The Leading Edge of a wing or tail plane mainly has two functions. The first is to maintain the right aerodynamic shape of the wing as a whole and secondly it has to protect the wing from any in-flight impact damages.
During take off and landing, debris like small stones can be moved and impact the wing or empennage. Further, in flight one of the major threats for the wing leading edges is impact by birds. A bird impact will cause severe damage to the wing with a possible loss of control for the aircraft in case of damage of the major structure of the wing. Bird impact is therefore one of the main design drivers for a leading edge.
It is known that Glare has good impact properties, which are governed by the so-called strain-rate behaviour of the glass fibres in the laminate. This phenomenon results in a higher strength of the fibres at higher loading rates. One can image that a bird impact during flight is the source for very high strain rates. On request of Airbus, application of Glare in a leading edge was therefore investigated from the year 2001.

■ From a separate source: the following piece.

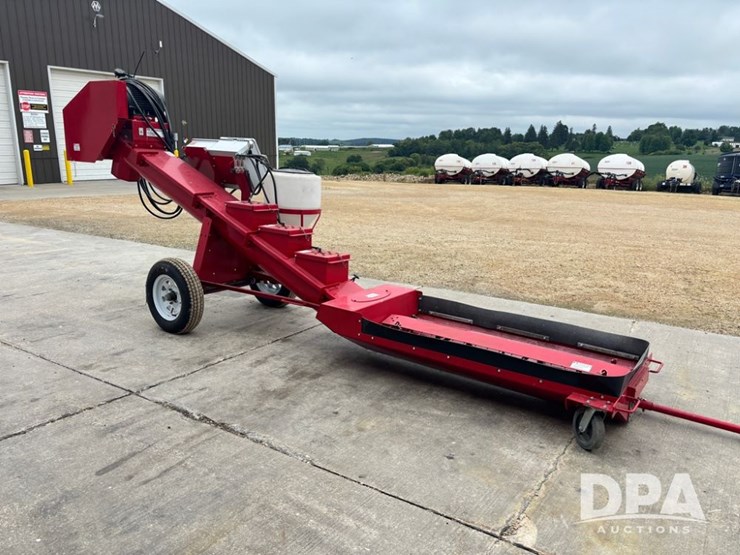 new-mast-ft-110-treater-(dr12148)-image-8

Verification tests using qualified test set-ups and facilities have shown that Glare indeed shows very good bird impact behaviour. In comparison to aluminium this results either in a better protection of the structure (less damage) or in a lighter design.
The size of the Airbus A380 is enormous. The vertical tail plane has a length of about 16 metres. These dimensions result in a second challenge namely: the production of Glare Leading Edges. FMLC developed a production method to manufacture the Leading Edges in a simple manner including a dedicated quality assurance system.